Brief descriptive captions
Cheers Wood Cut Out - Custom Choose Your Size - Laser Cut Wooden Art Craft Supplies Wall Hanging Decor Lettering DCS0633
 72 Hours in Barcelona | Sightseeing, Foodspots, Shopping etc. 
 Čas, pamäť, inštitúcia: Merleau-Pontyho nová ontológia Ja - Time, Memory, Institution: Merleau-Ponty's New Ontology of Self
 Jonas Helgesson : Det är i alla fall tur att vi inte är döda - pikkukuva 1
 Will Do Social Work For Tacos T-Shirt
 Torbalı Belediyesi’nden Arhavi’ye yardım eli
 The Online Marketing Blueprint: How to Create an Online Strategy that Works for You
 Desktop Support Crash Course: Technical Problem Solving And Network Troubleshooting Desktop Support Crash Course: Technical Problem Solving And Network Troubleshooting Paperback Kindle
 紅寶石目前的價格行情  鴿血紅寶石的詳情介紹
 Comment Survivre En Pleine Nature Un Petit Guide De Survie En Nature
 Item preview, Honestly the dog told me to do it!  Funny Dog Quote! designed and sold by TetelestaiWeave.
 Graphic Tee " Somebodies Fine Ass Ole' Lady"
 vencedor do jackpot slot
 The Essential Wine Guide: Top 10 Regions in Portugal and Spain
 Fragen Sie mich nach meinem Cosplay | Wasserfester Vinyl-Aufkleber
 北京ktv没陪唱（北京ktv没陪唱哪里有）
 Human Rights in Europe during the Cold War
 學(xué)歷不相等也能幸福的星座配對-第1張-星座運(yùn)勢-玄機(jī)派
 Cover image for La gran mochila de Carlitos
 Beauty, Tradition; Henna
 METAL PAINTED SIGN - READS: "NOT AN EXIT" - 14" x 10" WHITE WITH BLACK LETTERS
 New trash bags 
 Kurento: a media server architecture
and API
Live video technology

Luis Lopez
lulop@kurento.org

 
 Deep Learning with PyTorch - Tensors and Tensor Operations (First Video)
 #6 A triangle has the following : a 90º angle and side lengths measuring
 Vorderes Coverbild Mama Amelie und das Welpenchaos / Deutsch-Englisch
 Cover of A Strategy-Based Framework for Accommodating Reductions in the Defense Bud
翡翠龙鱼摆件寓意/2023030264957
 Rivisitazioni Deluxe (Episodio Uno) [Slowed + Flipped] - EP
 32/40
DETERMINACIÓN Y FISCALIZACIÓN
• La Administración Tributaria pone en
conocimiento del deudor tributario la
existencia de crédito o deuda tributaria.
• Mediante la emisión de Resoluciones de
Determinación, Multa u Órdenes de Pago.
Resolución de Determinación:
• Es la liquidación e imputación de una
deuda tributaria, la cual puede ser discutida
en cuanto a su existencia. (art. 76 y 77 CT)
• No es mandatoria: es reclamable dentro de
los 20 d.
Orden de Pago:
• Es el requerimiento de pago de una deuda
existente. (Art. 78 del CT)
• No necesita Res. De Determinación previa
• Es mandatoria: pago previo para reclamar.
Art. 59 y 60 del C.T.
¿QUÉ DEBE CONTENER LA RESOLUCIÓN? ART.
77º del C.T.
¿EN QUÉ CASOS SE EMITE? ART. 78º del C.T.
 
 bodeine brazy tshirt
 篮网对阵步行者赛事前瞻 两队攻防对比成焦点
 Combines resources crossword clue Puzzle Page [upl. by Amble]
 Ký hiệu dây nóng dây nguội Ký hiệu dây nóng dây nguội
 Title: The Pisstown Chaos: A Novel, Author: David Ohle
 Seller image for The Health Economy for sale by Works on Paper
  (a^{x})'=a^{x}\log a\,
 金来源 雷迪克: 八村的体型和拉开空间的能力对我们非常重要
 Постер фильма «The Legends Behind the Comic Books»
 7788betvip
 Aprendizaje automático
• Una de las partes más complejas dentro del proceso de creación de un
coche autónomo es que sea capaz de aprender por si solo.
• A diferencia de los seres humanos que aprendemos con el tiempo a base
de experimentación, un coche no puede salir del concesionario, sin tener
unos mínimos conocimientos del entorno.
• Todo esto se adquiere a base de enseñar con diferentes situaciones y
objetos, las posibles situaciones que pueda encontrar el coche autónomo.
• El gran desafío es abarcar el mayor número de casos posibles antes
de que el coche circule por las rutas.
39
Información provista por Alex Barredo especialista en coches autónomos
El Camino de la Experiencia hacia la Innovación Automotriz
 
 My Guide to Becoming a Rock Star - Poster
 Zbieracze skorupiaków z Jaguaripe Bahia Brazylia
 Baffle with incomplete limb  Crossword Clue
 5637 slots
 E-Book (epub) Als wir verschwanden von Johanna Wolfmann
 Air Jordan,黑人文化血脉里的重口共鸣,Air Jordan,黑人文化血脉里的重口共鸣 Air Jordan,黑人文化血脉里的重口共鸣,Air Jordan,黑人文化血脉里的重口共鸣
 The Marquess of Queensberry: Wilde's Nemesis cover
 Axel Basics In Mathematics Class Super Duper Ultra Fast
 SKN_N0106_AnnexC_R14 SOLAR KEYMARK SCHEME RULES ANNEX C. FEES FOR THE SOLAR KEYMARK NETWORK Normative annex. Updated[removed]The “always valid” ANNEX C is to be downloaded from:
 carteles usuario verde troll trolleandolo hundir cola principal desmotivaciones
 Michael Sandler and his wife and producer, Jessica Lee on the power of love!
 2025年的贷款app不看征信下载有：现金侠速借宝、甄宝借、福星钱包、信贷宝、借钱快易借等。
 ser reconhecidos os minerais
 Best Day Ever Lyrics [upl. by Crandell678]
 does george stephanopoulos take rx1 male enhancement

◆ **Directions for this task**: The line containing "en cuanto a su existencia. (art. 76 y 77 CT)" marks the end. Please print exactly every line from the top of the data to it, both included, and nothing more.

◆ **Response box**:
Cheers Wood Cut Out - Custom Choose Your Size - Laser Cut Wooden Art Craft Supplies Wall Hanging Decor Lettering DCS0633
 72 Hours in Barcelona | Sightseeing, Foodspots, Shopping etc. 
 Čas, pamäť, inštitúcia: Merleau-Pontyho nová ontológia Ja - Time, Memory, Institution: Merleau-Ponty's New Ontology of Self
 Jonas Helgesson : Det är i alla fall tur att vi inte är döda - pikkukuva 1
 Will Do Social Work For Tacos T-Shirt
 Torbalı Belediyesi’nden Arhavi’ye yardım eli
 The Online Marketing Blueprint: How to Create an Online Strategy that Works for You
 Desktop Support Crash Course: Technical Problem Solving And Network Troubleshooting Desktop Support Crash Course: Technical Problem Solving And Network Troubleshooting Paperback Kindle
 紅寶石目前的價格行情  鴿血紅寶石的詳情介紹
 Comment Survivre En Pleine Nature Un Petit Guide De Survie En Nature
 Item preview, Honestly the dog told me to do it!  Funny Dog Quote! designed and sold by TetelestaiWeave.
 Graphic Tee " Somebodies Fine Ass Ole' Lady"
 vencedor do jackpot slot
 The Essential Wine Guide: Top 10 Regions in Portugal and Spain
 Fragen Sie mich nach meinem Cosplay | Wasserfester Vinyl-Aufkleber
 北京ktv没陪唱（北京ktv没陪唱哪里有）
 Human Rights in Europe during the Cold War
 學(xué)歷不相等也能幸福的星座配對-第1張-星座運(yùn)勢-玄機(jī)派
 Cover image for La gran mochila de Carlitos
 Beauty, Tradition; Henna
 METAL PAINTED SIGN - READS: "NOT AN EXIT" - 14" x 10" WHITE WITH BLACK LETTERS
 New trash bags 
 Kurento: a media server architecture
and API
Live video technology

Luis Lopez
lulop@kurento.org

 
 Deep Learning with PyTorch - Tensors and Tensor Operations (First Video)
 #6 A triangle has the following : a 90º angle and side lengths measuring
 Vorderes Coverbild Mama Amelie und das Welpenchaos / Deutsch-Englisch
 Cover of A Strategy-Based Framework for Accommodating Reductions in the Defense Bud
翡翠龙鱼摆件寓意/2023030264957
 Rivisitazioni Deluxe (Episodio Uno) [Slowed + Flipped] - EP
 32/40
DETERMINACIÓN Y FISCALIZACIÓN
• La Administración Tributaria pone en
conocimiento del deudor tributario la
existencia de crédito o deuda tributaria.
• Mediante la emisión de Resoluciones de
Determinación, Multa u Órdenes de Pago.
Resolución de Determinación:
• Es la liquidación e imputación de una
deuda tributaria, la cual puede ser discutida
en cuanto a su existencia. (art. 76 y 77 CT)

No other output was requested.